L'article 7 bis A propose de plafonner la participation financière des collectivités à hauteur de 50 % pour les enceintes sportives utilisées principalement par des clubs professionnels. Si j'en comprends les motivations, ce plafond ne me semble cependant pas opportun. Non seulement je m'interroge sur sa constitutionnalité au regard du principe de libre administration des collectivités territoriales, mais il me semble beaucoup trop restrictif et son application au 1er juin 2017 pourrait poser de sérieux problèmes à de nombreux projets en cours et à venir. Au final, il me semble qu'il est encore un peu tôt pour ce genre de mesures trop contraignantes à court terme.

C'est pourquoi il est d'autant plus important de privilégier d'autres types de solutions pour favoriser le transfert de responsabilité financière vers le monde sportif.

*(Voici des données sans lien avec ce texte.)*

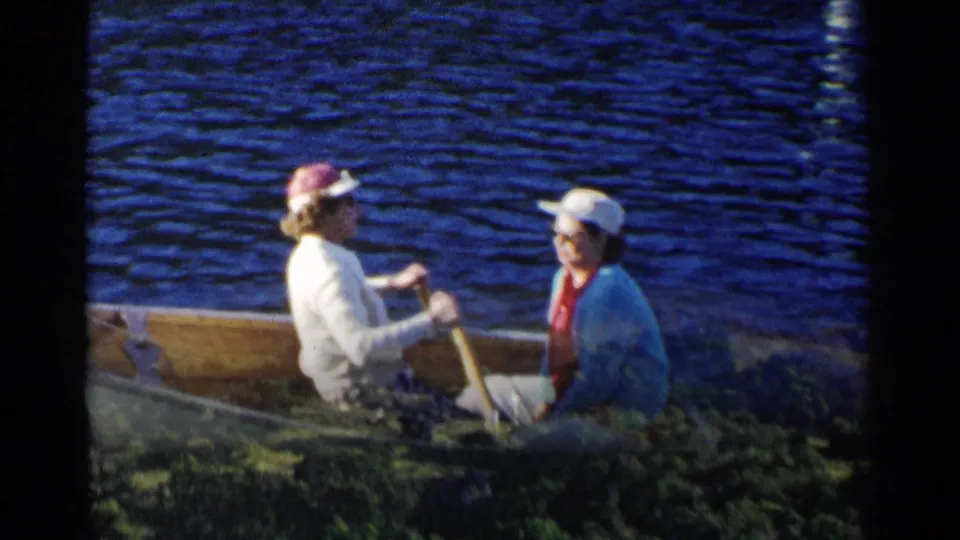A 1955 California home-movie frame shows two women in a rowboat near the water’s edge, partly framed by foreground vegetation.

Le Gouvernement a proposé au Sénat un mécanisme de garantie d'emprunt par les collectivités territoriales qui le souhaiteraient, dont je salue le pragmatisme ainsi que les précautions qui l'entourent. Ce dispositif n'a pas vocation à bouleverser dans l'immédiat le financement du sport en France ; le but est d'introduire une souplesse, un modèle alternatif dont j'ai pu constater lors de mes auditions qu'il facilitera l'émergence de projets intéressants financés par les clubs.

L'article 9 s'attache à l'objectif largement partagé de promouvoir davantage le sport féminin en créant une nouvelle instance de dialogue permanente.

L'article 12, adopté à l'initiative des sénateurs, propose de mettre en place par voie d'accord entre les professionnels de nouvelles mesures de lutte contre le piratage des retransmissions sportives. Le principe du dispositif est intéressant, même si sa rédaction actuelle pose quelques difficultés de compatibilité avec le droit européen et la législation actuelle ; nous vous proposerons de les résoudre par voie d'amendement.

Vous l'aurez compris, il s'agit d'un texte qui se veut équilibré, dont les objectifs sont largement partagés et dont je ne vous cache pas qu'il est très attendu par le monde du sport. Cette proposition de loi n'a pas pour ambition de révolutionner le sport professionnel, mais de répondre à des enjeux concrets en reprenant une douzaine de propositions qui ont fait l'objet d'un consensus lors de la Grande conférence du sport professionnel. Je vous proposerai donc bien évidemment de l'adopter, sous réserve de quelques améliorations.